Recommended configuration:
- Metric: days until certificate expiry.
- Thresholds: warn at 30 days; critical at 7 days or less.
- Actions: notify devops, trigger automated renewal pipelines, or failover to backup certs.
Reduce false positives:
- Monitor the certificate chain and the actual certificate presented by the service, not just stored copies.
9) Security/Intrusion Indicators (Unusual Auth Failures, Port Scans)
Why it matters:
- Early detection of compromise or brute-force attacks prevents bigger incidents.
Recommended configuration:
- Metrics: failed login attempts, new listening ports, unusual outbound connections, root login.
- Thresholds: warn at small anomalies; critical on rapid spikes (e.g., >50 failed attempts in 5 minutes) or new persistent unauthorized users.

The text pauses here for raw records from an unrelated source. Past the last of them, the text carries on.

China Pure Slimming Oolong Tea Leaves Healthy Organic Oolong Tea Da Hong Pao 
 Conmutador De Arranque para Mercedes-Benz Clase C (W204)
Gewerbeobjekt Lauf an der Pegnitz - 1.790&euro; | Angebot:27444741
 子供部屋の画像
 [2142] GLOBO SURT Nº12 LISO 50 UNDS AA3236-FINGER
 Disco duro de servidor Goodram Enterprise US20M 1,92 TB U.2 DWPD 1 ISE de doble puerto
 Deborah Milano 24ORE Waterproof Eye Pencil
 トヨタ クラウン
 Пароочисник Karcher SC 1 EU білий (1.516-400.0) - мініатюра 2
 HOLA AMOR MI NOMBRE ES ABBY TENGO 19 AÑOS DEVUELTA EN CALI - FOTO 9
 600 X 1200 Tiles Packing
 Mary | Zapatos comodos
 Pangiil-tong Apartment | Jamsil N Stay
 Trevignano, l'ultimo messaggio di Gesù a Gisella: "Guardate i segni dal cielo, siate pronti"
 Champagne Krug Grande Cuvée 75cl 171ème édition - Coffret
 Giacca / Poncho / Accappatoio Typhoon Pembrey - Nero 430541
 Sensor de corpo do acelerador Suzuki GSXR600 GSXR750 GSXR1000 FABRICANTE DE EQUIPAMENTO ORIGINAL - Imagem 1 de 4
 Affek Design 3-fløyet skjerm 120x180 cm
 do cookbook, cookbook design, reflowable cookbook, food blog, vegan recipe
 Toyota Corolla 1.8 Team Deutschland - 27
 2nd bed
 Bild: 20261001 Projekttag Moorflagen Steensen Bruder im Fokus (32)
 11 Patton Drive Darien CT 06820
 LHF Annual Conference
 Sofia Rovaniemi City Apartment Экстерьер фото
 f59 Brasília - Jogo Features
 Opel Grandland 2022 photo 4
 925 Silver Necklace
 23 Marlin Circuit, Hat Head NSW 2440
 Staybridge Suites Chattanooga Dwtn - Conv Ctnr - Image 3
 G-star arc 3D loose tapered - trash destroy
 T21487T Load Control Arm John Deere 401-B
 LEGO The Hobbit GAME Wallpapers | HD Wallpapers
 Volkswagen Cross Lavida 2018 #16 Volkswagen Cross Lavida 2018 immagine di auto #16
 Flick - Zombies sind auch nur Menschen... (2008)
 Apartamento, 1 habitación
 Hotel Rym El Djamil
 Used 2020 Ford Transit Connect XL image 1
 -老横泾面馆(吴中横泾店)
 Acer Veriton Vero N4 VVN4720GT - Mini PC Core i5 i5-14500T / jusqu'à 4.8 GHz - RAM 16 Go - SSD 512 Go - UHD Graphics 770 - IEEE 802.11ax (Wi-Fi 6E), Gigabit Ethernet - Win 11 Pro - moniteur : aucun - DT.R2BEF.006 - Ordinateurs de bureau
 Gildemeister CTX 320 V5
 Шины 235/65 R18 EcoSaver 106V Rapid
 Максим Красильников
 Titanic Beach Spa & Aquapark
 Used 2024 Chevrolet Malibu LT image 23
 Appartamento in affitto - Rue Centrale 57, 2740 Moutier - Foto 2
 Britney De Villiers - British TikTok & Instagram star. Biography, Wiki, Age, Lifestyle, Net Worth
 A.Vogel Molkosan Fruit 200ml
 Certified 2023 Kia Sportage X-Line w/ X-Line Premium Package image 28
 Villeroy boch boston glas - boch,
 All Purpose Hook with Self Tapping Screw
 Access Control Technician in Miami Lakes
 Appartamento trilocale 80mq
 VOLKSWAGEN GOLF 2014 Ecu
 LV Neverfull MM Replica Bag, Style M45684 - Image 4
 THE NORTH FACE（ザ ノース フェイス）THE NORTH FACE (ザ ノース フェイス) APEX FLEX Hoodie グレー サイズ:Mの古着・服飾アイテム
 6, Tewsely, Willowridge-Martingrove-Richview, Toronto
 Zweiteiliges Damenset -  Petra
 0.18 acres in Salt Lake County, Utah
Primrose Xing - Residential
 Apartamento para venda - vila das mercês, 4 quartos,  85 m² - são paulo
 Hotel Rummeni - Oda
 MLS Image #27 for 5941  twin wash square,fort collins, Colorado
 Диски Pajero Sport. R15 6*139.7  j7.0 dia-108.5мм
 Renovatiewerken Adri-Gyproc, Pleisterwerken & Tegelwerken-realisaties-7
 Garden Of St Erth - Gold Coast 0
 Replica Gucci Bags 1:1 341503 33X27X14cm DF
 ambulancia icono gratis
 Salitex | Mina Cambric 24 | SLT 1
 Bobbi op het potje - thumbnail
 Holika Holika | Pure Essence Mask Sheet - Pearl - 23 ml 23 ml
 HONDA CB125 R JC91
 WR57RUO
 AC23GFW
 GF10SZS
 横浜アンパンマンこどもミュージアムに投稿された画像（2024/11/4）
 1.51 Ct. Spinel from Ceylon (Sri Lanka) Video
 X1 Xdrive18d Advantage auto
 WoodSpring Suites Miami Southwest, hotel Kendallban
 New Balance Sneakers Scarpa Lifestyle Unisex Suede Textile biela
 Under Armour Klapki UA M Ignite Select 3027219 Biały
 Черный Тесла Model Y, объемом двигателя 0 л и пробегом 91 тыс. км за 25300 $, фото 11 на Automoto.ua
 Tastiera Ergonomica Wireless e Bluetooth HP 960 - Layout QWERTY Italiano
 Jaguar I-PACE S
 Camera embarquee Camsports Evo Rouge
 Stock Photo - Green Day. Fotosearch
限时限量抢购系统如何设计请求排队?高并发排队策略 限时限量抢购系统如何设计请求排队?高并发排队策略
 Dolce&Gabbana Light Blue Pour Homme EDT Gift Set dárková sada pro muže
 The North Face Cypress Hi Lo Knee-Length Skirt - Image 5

- Actions: block offending IPs, isolate host, initiate incident response.
Reduce false positives:
- Whitelist expected automation IPs, correlate with maintenance windows and configuration changes.
10) Backup/Job Failures & Application-Specific Cron Jobs
Why it matters:
- Failed backups or scheduled jobs can cause data loss and missed business SLAs.
Recommended configuration:
- Metrics: job completion status, runtime, output error codes.
- Thresholds: any failure should be critical for backups; warn if runtime exceeds expected thresholds.
- Actions: notify owners, retry jobs, investigate job logs.
Reduce false positives:
- Use job heartbeats and success markers rather than inferring from log absence; correlate with upstream systems.
Alerting Best Practices for RedEyes Host Monitor
- Use multi-stage alerts: warning → critical → escalations.
- Attach contextual runbooks and automated diagnostics (logs, top, netstat, traces) to alerts.
- Route alerts by severity and service ownership; avoid global paging for non-critical issues.
- Implement maintenance windows and alert suppression for deployment periods.
- Tune thresholds based on historical baselines and adjust after post-incident reviews.
- Use dependent/compound alerts to suppress floods (e.g., suppress service alerts when host is down).
Example Alert Rule Template (variables to adapt)
- Name: [Service] — [Metric] — [Severity]
- Scope: host group or tag (e.g., prod:web-servers)
- Condition: metric X > Y for Z minutes OR consecutive failed checks N
- Notification: on-call rotation via Pager/SMS/Slack; escalation policy after M minutes
- Automated actions: run diagnostics script, collect heap/dump, trigger autoscale or failover
- Runbook link: URL to playbook with triage steps
Final notes
Start with these ten alerts and iterate: monitor what produces noisy alerts, adjust thresholds, and expand visibility (application metrics, distributed tracing). The aim is timely, actionable alerts that reduce mean time to detect and resolve real problems.